In the past, this data came separately, and the reading was done mostly case-by-case. All these measurements are now being centralized, read and processed at once by the company, Souza said. 

Rumo does not necessarily intend to put IoT sensors in the wagons, since the external systems already generate a lot of data to be worked on, said the executive.


To mitigate issues related to connectivity in the areas where its wagons cross, many of which have little or no coverage, the company has relied mostly on satellite. The main providers are Globalsat and Inmarsat.

Where possible, Rumo uses the public cellular network, including 2G (GSM) technology, as much of the data transmitted is simple and requires low bandwidth. In this case, the cellular network used is Claro's.

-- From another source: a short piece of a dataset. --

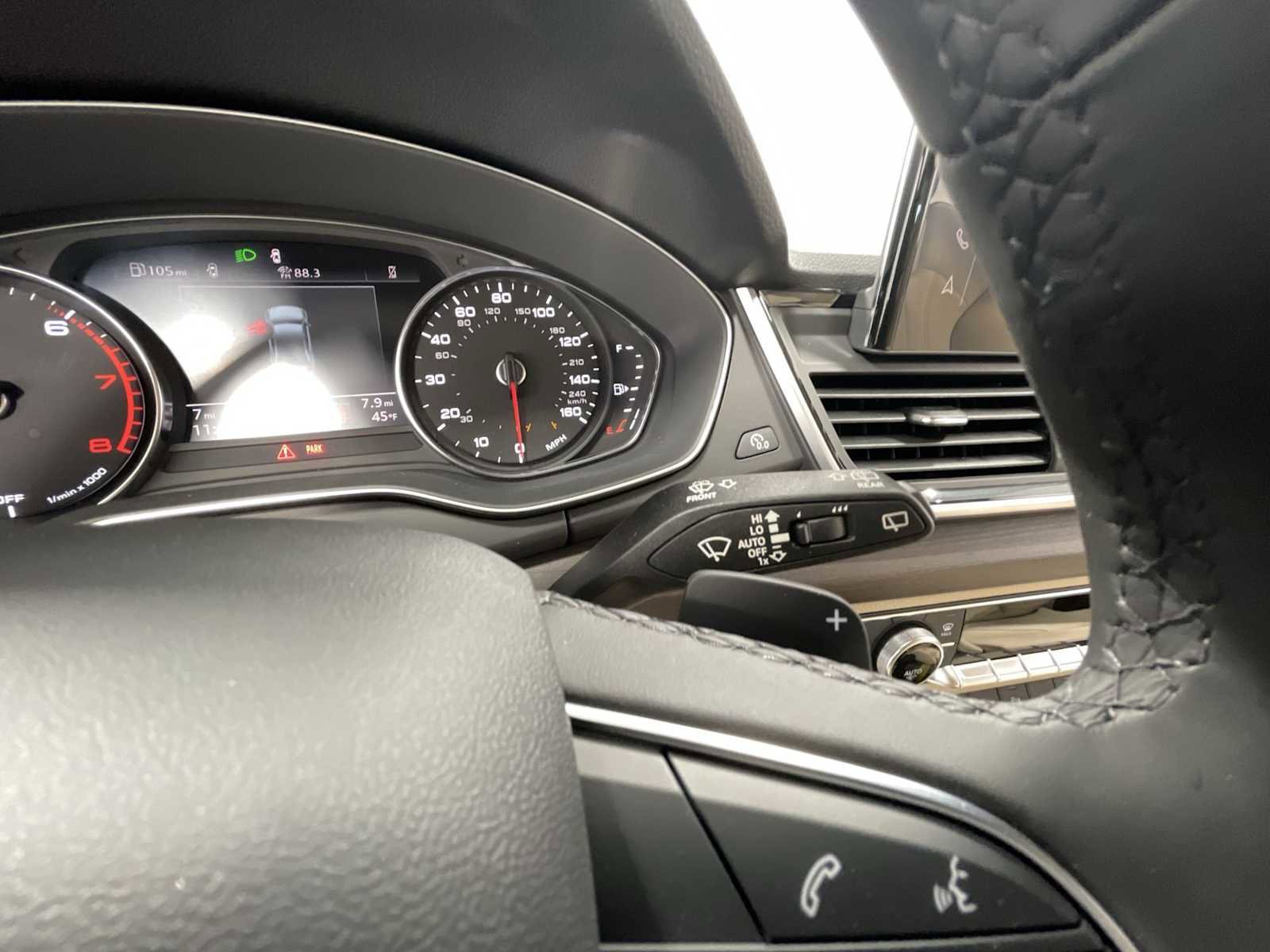 Used 2024 Audi Q5 2.0T Premium image 25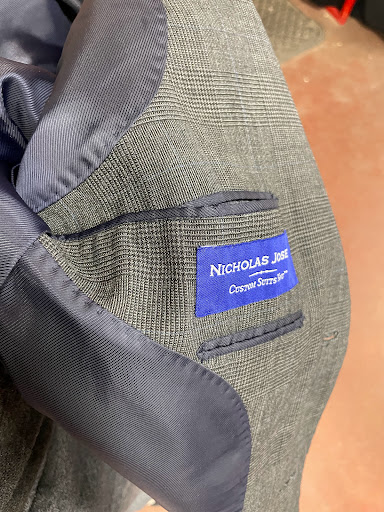 Thrift Store «Community Thrift Store», reviews and photos, 3440 Grand Ave, Gurnee, IL 60031, USA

According to Souza, the company is also carrying out tests with LoRa (long range) IoT cellular technology. A key feature of LoRa is low power consumption, which means devices can remain in operation for long periods without charging.

Although individually the sensors transmit simpler data, the total transmitted generates a “data lake” of about 1.8 terabytes, according to the executive.

In July, Brazilian company Surf Tech inked a partnership with Rumo to pass fiber optics networks along the company’s railways. The goal is to take connectivity to municipalities present in the nine Brazilian states covered by the network under the company's concession.

This specific project is not being conducted by Souza's team, but the executive said that DTQ and WaySide are expected to benefit from this connectivity.

Initially, the project foresees an investment of 1.5bn reais by Surf Tech.


The digitization of operations is key for the company as Rumo widens its rail network.

The company’s board just cleared a 4.5bn-real, 211km first phase of a 15bn-real rail project in Mato Grosso state.

"This project is transformational for Rumo and for Mato Grosso state, the region with the highest grain production in the country. Our investment thesis is based on an expectation of growing food demand in Asia. Our projection is that the production of grains in Mato Grosso will grow by 30% by 2030, which will require a lot of logistical structure to be served," Rumo CFO Rafael Bergman told a conference call to present project details.

The first phase will connect the cities of Rondonópolis and Campo Verde. Works are expected to take three years and operations should start in 1H26.